Many an afternoon I remember relatives and neighbors sitting around the table puffing cigarettes and sipping little tumblers of red wine, discussing the important things in life: How to reduce a broth without “bruising” it, how to sauté the onions to intensify a broth, how to boil a chicken without drying it out.

Naturally, these food tales were heavily peppered with the events of the day—fishing trips to Coney Island gone sour, pieces of furniture Dad lost in a bet, promised Dodger tickets that never materialized. But for the most part, the conversation always came back to food: Either “gravy” or soup.

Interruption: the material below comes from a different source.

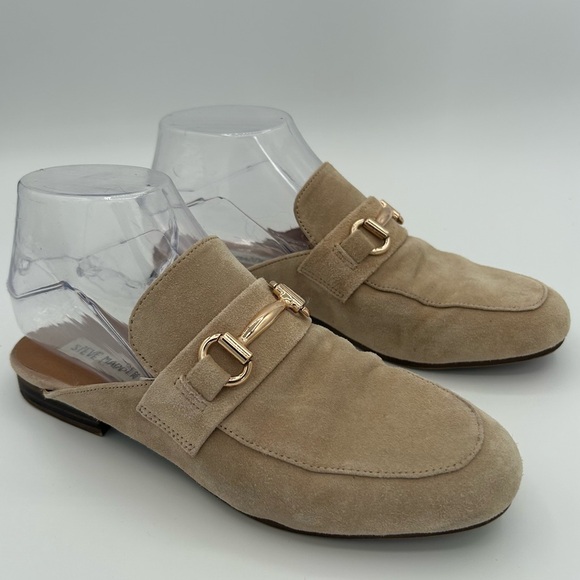 Steve Madden Shoes - Steve Madden Kandi mule in camel / taupe suede 
Mule slip-on loafer w/ Horsebit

In our family, soup came in many forms. Take Minestrone, for example. Some said you started it with a mixture of diced celery, onion, and carrot, nurtured, and coddled gently in olive oil over low heat. Then, you’d add your vegetables and sauté them for a while and add water and allow it all to meld together until the greens become soft and intoxicating. Dad had his own no-nonsense approach: “Ahhh, just trow da vegetables into da pot and let ‘em cook, fa chrissake!”

There was bean soup, or what the Sicilians in our neighborhood called pasta fazool. If you put ten Sicilians, ten Neapolitans, and ten Venetians in a room you’d be offered a couple of hundred excellent variations of this peasant delicacy.

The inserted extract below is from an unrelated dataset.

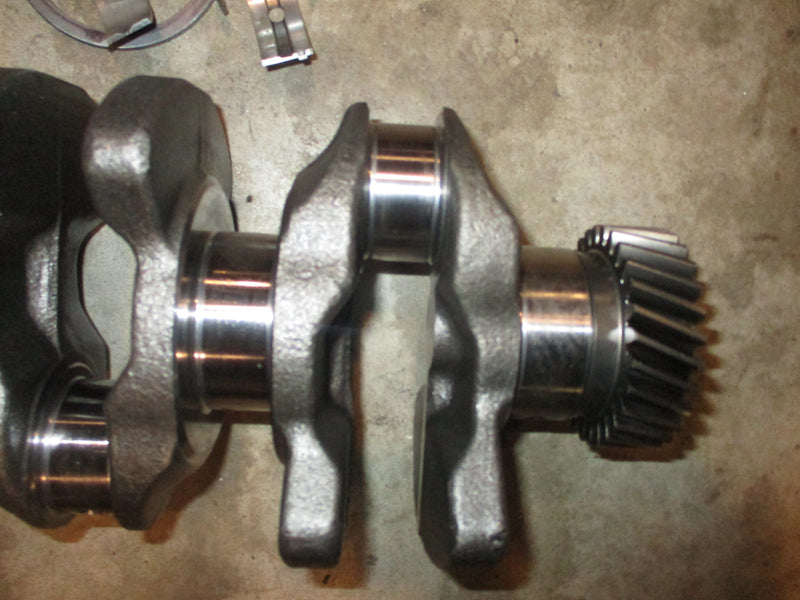 Suzuki DF115 outboard crankshaft (12220-92J00)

And Ah! There was Pasta Lenticchie. Or what my mother called “pasta lendique.” A simple blend of boiled lentils and tubettini pasta, this meaty flavor could send me to high heaven. Years later, Laura and I would argue for hours about whether Mom started her lentils with a ham hock, a slice of bacon, or a few diced aromatic vegetables. “You’re supposed to know,” I would scream at my sister, with the same venom I’d learned from all of them back then—feeling sheepishly apologetic a moment later.

Then there was Pastina. If Pastina brought us the salvation of chicken broth and all its curative blessings, its little pasta “stars” suspended in a translucent liquid firmament, then minestrone was the reality: The chaos of swirling vegetables, like sticks and stones tumbling in an earthy broth. If Pastina epitomized my mother’s nurturing, minestrone represented Dad’s dark, reckless abandon. If Pastina was hope and salvation, minestrone represented the murky insanity of all our hopes of escaping Queens.

But it wasn’t pastina that starts my story. It was Bitter Greens. Bitter because of Dad’s crazy lifestyle; savory because of Mom’s constant ability to assuage our anguish.

You’ll hear all Pastina later and about the Sicilian, Freddie who moved into our apartment to make book—because Dad surely must have owed him dearly for some undisclosed gambling debt.

For now, though, please be satisfied being soothed by Minestra di Verdura. It sure worked for me. Although I lived in a thick ethnic ragout of food, argument, and activity, a warm bowl of peasant soup, cut right through any stress, mild or aggravated and it was the main reason we managed to escape the Queens Bridge Projects and on to freedom in California.